Prime Trust and most of its associates have come under undue problems.
Prime Trust subsidiary Banq has filed for Chapter 11 bankruptcy protection in the United States District Court of Nevada. As reported by The Block, the decision to file comes only five days after the parent company reached an acquisition deal with BitGo due to its problems with embattled cryptocurrency exchange Celsius Network.
Based on the filing, Banq currently has about $17.72 million in assets and a total liability of $5.4 million.
According to its official website, Banq was established about three years ago as a platform that provides mobile SDKs [software development kits] on top of Prime Trust APIs for easy integration of all the crypto and fiat funding services. Its current predicament was contributed by the fact that former employees of the institution made away with assets worth approximately $17.5 million without authorization. These assets include commercial secrets and classified information and technology.
Ultimately, these assets were transferred to Fortress NFT Group, a company owned by Banq’s former Chief Executive Officer (CEO) Scott Purcell.

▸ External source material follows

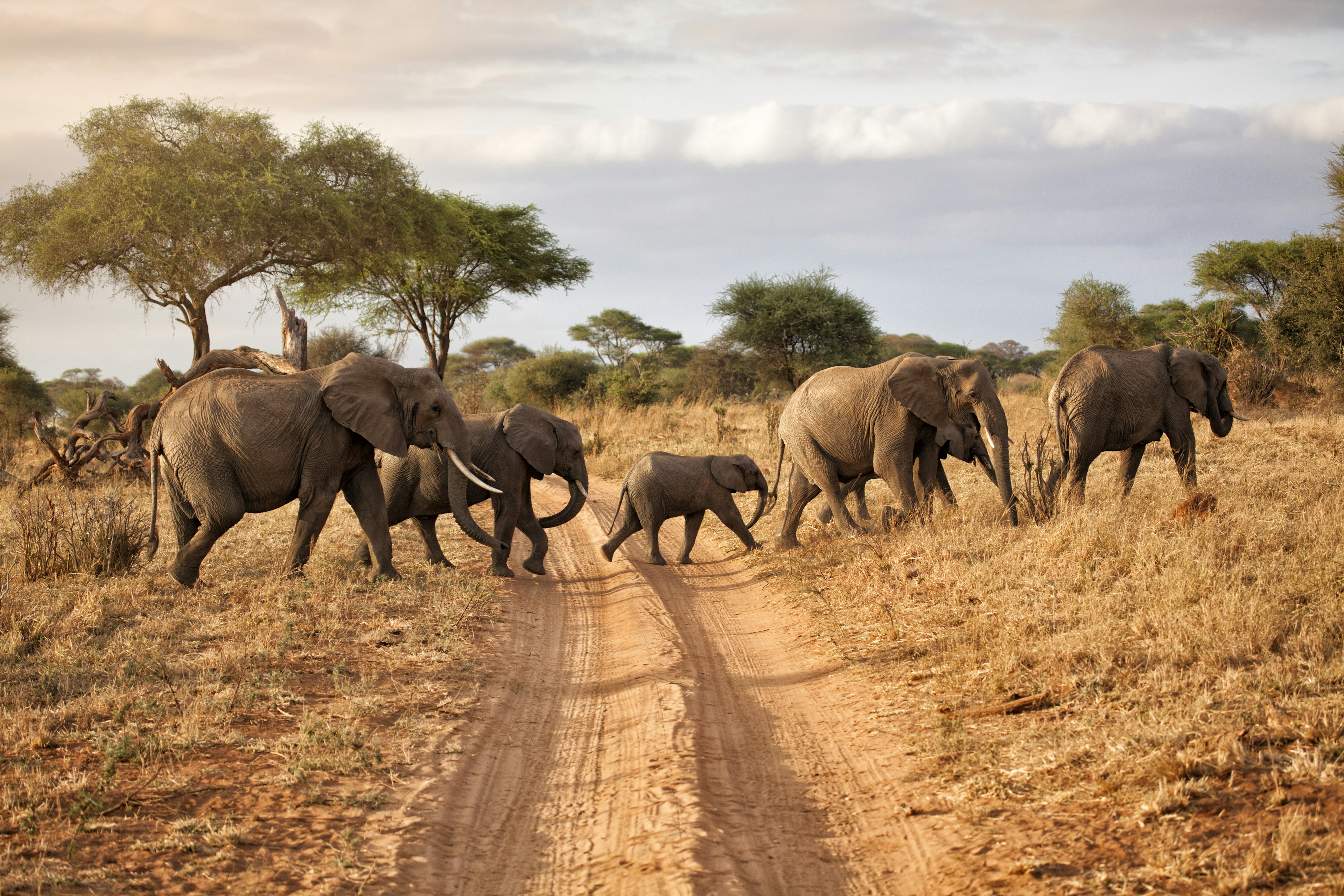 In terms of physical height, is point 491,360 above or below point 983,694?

In response, Banq charged Fortress NFT Group for stealing trade secrets to establish two Non-Fungible Token (NFT) platforms: Planet NFT and Fortress NFT. Purcell had tried to turn Banq towards NFT, but when the latter refused, the former CEO sold Banq’s corporate infrastructure, computers, and intellectual property to his newly launched venture, Fortress NFT.
Additionally, the lawsuit stated that their theft of Banq’s corporate assets included taking the company’s seat licenses for Las Vegas Raiders’ games at Allegiant Stadium. This was all done without Board approval or knowledge. “Specifically, Defendant Purcell transferred the seat licenses owned by Banq to himself.”
Noteworthy, Purcell founded Fortress NFT Group with Banq former CTO and CPO.
Banq Bankruptcy: Challenges for Prime Trust Entities
Recently, Prime Trust and most of its associates have come under undue problems. Yesterday, Haru Invest, a South Korean crypto yield firm to which Prime Trust provides service, suspended deposit and withdrawal requests until further notice.
Although the firm did not initially share extensive details on the suspension, Haru Invest stated that “Recently, we have come across a certain issue with one of the service partners we have worked with. We are now further investigating the issue with them and seeking a contingency plan to rectify the situation.”
Later, an update was released informing the public that the company had begun an investigation and “discovered through our internal inspection process that certain information provided by a consignment operator was suspected to be false.” Haru Invest made no effort to name this operator as Banq or Prime Trust, however, there are suspicions that it could be.
Also, TrueUSD, which has a banking relationship with Banq’s parent Prime Trust decided to halt its stablecoin mint and redemption and has attributed the decision to “Prime Trust’s bandwidth issues”.